A Little About Scalar UDFs and Read Committed Snapshot Isolation In SQL Server

A Little About Scalar UDFs and Read Committed Snapshot Isolation In SQL Server


Video Summary

In this video, I delve into an interesting quirk involving recommitted snapshot isolation and non-inlineable scalar UDFs in SQL Server. Specifically, I explore how these UDFs can affect the row versions read by a query under recommitted snapshot isolation, leading to seemingly inconsistent results. By walking through a demo, I illustrate why this happens and explain that it’s not an issue with snapshot isolation itself but rather a consequence of scalar UDFs executing once per row. If you’re curious about more details on SQL Server isolation levels or want to dive deeper into the topic, be sure to check out my playlist titled “Everything You Know About Isolation Levels is Wrong.”

Full Transcript

Erik Darling here with Darling Data. And in today’s video, we’re going to talk about a little oddity with, excuse me, recommitted snapshot isolation and non-inlineable scalar UDFs. I don’t think this goes for snapshot isolation.

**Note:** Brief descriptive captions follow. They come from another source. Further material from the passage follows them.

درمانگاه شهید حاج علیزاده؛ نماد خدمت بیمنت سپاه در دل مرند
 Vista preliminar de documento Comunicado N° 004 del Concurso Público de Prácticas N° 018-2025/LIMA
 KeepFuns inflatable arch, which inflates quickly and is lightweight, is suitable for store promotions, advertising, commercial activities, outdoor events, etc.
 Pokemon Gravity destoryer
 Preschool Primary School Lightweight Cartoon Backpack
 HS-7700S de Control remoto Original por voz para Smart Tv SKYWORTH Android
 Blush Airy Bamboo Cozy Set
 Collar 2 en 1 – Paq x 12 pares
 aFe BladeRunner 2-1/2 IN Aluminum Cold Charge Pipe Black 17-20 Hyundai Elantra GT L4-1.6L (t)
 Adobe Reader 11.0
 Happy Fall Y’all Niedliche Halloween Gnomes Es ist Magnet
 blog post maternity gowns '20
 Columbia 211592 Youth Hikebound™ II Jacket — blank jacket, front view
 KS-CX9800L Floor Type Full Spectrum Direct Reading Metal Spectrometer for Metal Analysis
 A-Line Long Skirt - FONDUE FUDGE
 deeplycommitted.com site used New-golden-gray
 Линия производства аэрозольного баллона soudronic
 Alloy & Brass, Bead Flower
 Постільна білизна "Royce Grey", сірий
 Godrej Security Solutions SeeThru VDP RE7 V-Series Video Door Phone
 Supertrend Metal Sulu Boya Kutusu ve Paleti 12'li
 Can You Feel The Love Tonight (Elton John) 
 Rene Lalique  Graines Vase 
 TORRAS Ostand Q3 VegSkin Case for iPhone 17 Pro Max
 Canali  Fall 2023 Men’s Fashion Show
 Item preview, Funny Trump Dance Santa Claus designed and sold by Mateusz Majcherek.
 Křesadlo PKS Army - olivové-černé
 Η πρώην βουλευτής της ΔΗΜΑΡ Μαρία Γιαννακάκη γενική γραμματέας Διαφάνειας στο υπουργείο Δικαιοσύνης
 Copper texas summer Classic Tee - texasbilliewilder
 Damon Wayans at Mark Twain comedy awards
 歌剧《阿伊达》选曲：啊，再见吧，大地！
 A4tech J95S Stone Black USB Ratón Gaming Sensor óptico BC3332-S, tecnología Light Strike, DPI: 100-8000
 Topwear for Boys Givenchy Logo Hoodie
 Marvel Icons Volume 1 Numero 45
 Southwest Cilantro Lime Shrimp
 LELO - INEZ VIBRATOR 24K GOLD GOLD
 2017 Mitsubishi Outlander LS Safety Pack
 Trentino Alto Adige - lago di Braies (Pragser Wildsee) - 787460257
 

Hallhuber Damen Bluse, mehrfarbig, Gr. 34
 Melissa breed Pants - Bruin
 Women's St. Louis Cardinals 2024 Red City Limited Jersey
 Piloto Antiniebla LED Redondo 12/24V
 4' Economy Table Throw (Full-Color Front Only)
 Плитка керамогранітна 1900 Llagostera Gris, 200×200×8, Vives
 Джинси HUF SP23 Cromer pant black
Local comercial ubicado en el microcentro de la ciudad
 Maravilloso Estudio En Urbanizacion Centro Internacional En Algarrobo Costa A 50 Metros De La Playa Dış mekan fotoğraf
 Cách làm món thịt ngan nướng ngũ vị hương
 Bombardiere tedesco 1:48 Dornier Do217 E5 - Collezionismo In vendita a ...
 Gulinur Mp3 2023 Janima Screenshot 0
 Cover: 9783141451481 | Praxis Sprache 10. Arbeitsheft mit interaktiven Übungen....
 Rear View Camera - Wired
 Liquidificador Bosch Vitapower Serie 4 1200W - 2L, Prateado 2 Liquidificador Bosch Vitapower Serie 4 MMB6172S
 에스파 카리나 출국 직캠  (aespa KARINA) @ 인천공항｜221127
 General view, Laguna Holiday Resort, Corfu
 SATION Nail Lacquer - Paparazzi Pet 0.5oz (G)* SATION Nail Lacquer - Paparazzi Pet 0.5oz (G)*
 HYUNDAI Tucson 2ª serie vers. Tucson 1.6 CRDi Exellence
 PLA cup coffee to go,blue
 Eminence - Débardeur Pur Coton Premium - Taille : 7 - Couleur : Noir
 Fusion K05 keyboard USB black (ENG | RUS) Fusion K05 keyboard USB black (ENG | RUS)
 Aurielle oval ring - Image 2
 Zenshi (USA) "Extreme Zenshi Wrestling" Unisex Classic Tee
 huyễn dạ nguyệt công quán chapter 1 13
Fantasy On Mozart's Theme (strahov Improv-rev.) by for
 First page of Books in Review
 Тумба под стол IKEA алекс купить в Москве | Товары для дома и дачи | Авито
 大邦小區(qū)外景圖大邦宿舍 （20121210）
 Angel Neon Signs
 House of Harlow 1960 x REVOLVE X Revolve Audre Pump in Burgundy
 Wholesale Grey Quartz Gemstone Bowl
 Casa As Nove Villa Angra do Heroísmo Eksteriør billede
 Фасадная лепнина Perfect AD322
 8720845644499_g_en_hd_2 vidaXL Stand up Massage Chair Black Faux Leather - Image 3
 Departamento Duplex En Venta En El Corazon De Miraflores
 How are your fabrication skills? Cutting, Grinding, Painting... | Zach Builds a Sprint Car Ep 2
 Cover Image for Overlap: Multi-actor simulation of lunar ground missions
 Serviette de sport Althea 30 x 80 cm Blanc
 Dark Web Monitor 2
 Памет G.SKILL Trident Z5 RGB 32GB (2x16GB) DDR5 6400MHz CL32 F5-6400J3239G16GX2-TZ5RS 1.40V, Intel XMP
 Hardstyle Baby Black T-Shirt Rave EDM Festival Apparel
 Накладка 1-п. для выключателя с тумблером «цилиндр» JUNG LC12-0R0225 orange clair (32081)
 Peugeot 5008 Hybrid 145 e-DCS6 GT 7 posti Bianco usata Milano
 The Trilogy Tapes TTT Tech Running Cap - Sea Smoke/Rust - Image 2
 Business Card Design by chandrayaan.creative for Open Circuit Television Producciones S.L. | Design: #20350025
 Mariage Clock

This is only recommitted snapshot isolation. And this could also like just as easily go for a multi-statement table valued function. But the basic gist of it is, is that like when you run a select query and you read row versions, like the normal select query, the row versions that you read are from if under snapshot isolation, when the transaction begins and you first access the row versions or under RCSI, if you like, you know, when you, when your query starts.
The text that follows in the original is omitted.